Efekt znany: Tusk nakręcił spiralę histerii i rywalizacji po stronie opozycyjnej, która postawiła całą sprawę pod znakiem zapytania.
Sprawa jest w sumie symboliczna. Oto były premier, sam doskonale uposażony dzięki służbie w Brukseli (o którą zabiegał - jak wiele wskazuje - poświęcając wcześniej ważne interesy Rzeczypospolitej na ołtarzu własnej kariery) demoluje ponadpartyjny, z ducha „niemiecki” - w najlepszym znaczeniu tego słowa - plan załatwienia naprawdę pilnej sprawy państwowej. Sprawy, która jest dla naszego państwowego trwania równie ważne jak silne siły zbrojne.
Bo ile by wiader populizmu nie wylali posłowie-biznesmeni czy posłowie dorobieni w Brukseli, to zarobki wiceministrów czy posłów są dziś na takim poziomie, że zagrażają elementarnej sprawności naszego państwa. Generują zagrożenia oczywiste: korupcję, zabiegi o przyszłość w biznesie, selekcję negatywną, niski prestiż społeczny, ucieczkę do struktur międzynarodowych. Ktoś, kto tego nie rozumie, albo kłamie, albo naprawdę źle życzy naszemu państwu. Gdybym był wrogiem państwa polskiego, popierałbym ten właśnie kierunek.
Czy to nie ciekawe, że Tusk interweniuje właśnie w tej sprawie? Potwierdza, że jego instynkt polityczny interesy państwowe co najmniej lekceważy. Kolejny raz przekonuje, że gdyby dłużej porządził, to kto wie, czy nie wpadlibyśmy w naprawdę wielkie kłopoty.

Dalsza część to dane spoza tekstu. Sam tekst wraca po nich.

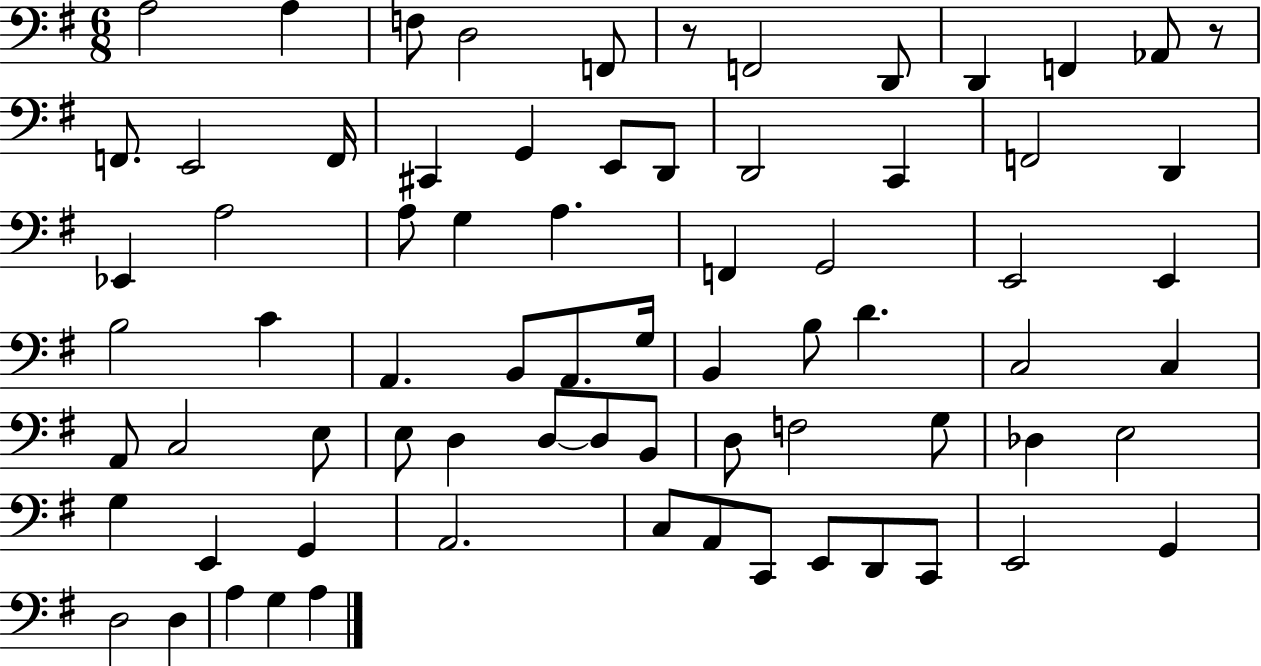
X:1
T:Untitled
M:6/8
L:1/4
K:G
A,2 A, F,/2 D,2 F,,/2 z/2 F,,2 D,,/2 D,, F,, _A,,/2 z/2 F,,/2 E,,2 F,,/4 ^C,, G,, E,,/2 D,,/2 D,,2 C,, F,,2 D,, _E,, A,2 A,/2 G, A, F,, G,,2 E,,2 E,, B,2 C A,, B,,/2 A,,/2 G,/4 B,, B,/2 D C,2 C, A,,/2 C,2 E,/2 E,/2 D, D,/2 D,/2 B,,/2 D,/2 F,2 G,/2 _D, E,2 G, E,, G,, A,,2 C,/2 A,,/2 C,,/2 E,,/2 D,,/2 C,,/2 E,,2 G,, D,2 D, A, G, A,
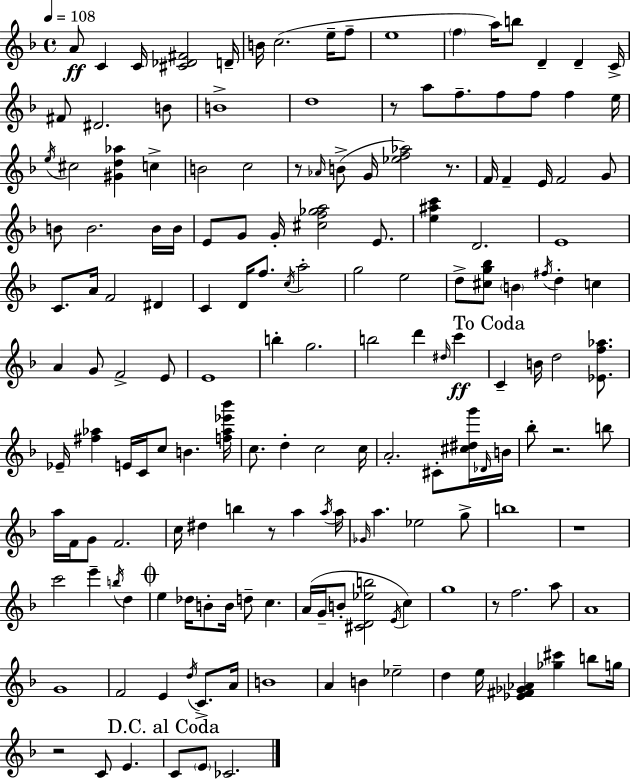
A4/e C4/q C4/s [C#4,Db4,F#4]/h D4/s B4/s C5/h. E5/s F5/e E5/w F5/q A5/s B5/e D4/q D4/q C4/s F#4/e D#4/h. B4/e B4/w D5/w R/e A5/e F5/e. F5/e F5/e F5/q E5/s E5/s C#5/h [G#4,D5,Ab5]/q C5/q B4/h C5/h R/e Ab4/s B4/e G4/s [Eb5,F5,Ab5]/h R/e. F4/s F4/q E4/s F4/h G4/e B4/e B4/h. B4/s B4/s E4/e G4/e G4/s [C#5,F5,Gb5,A5]/h E4/e. [E5,A#5,C6]/q D4/h. E4/w C4/e. A4/s F4/h D#4/q C4/q D4/s F5/e. C5/s A5/h G5/h E5/h D5/e [C#5,G5,Bb5]/e B4/q F#5/s D5/q C5/q A4/q G4/e F4/h E4/e E4/w B5/q G5/h. B5/h D6/q D#5/s C6/q C4/q B4/s D5/h [Eb4,F5,Ab5]/e. Eb4/s [F#5,Ab5]/q E4/s C4/s C5/e B4/q. [F5,Ab5,Eb6,Bb6]/s C5/e. D5/q C5/h C5/s A4/h. C#4/e [C#5,D#5,G6]/s Db4/s B4/s Bb5/e R/h. B5/e A5/s F4/s G4/e F4/h. C5/s D#5/q B5/q R/e A5/q A5/s A5/s Gb4/s A5/q. Eb5/h G5/e B5/w R/w C6/h E6/q B5/s D5/q E5/q Db5/s B4/e B4/s D5/e C5/q. A4/s G4/s B4/e [C#4,D4,Eb5,B5]/h E4/s C5/q G5/w R/e F5/h. A5/e A4/w G4/w F4/h E4/q D5/s C4/e. A4/s B4/w A4/q B4/q Eb5/h D5/q E5/s [Eb4,F#4,Gb4,Ab4]/q [Gb5,C#6]/q B5/e G5/s R/h C4/e E4/q. C4/e E4/e CES4/h.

Paradoksalnie, szkodzi tym najbardziej opozycji. Bo to partiom opozycyjnym powinno szczególnie zależeć na godnych uposażeniach dla parlamentarzystów - choćby z tej racji, że nie mogą oni pełnić funkcji w rządzie. Ale cóż go to obchodzi? Już raz przecież swoich kolegów zostawił na lodzie, zabierając walizkę, Grasia i Bieńkowską, i wyjeżdżając w momencie, gdy fala zaczęła się odwracać.
A najśmieszniejsze jest to, że jego dawni koledzy z KO wciąż mu klaszczą…
I jeszcze jedno: jak widać tu, w Polsce, potrafimy się w ważnych sprawach dogadać. To z zewnątrz przychodzi kłótnia i veto w każdej, nawet obiektywnie bardzo ważnej sprawie.